Task to complete — Find the string "Drive" in the listing and report every line that has it.

━━━━━━━━━━━━━━━━

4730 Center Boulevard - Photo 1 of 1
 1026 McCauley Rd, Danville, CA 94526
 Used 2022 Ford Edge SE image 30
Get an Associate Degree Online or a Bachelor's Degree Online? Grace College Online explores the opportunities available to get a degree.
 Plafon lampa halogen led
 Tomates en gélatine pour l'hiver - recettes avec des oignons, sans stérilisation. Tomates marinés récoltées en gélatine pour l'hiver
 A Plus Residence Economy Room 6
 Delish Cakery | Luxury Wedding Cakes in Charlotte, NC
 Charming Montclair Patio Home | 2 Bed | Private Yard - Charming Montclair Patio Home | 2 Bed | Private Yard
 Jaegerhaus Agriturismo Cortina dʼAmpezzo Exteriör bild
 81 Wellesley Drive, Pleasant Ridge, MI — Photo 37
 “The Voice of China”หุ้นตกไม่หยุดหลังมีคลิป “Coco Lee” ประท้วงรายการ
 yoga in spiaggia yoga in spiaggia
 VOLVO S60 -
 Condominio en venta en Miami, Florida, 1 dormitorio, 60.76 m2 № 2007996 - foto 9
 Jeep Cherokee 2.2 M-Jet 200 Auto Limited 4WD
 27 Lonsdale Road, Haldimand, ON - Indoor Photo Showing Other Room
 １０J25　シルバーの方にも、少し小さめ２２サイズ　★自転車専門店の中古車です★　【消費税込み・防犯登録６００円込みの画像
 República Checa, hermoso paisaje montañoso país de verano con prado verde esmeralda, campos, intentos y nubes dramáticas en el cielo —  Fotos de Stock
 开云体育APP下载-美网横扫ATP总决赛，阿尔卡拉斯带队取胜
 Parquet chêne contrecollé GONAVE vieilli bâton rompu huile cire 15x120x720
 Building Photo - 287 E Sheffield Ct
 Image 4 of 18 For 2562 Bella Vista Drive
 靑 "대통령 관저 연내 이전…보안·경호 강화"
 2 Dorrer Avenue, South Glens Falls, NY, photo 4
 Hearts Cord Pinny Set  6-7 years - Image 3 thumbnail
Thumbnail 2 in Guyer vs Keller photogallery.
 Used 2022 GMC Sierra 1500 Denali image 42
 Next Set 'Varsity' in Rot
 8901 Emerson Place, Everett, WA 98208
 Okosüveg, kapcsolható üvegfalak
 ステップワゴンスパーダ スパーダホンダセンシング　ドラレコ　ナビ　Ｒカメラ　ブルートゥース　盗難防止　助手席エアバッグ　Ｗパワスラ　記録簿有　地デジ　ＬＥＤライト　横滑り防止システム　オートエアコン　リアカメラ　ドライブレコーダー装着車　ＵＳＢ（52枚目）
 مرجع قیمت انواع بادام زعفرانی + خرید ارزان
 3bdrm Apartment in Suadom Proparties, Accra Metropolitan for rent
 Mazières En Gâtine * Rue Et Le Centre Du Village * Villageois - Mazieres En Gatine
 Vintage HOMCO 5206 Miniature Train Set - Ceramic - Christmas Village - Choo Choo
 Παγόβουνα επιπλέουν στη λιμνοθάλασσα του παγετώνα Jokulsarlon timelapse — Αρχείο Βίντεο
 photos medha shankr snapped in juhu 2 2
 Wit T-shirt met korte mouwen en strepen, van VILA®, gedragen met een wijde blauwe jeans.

━━━━━━━━━━━━━━━━

Result for this task —
 81 Wellesley Drive, Pleasant Ridge, MI — Photo 37
 Image 4 of 18 For 2562 Bella Vista Drive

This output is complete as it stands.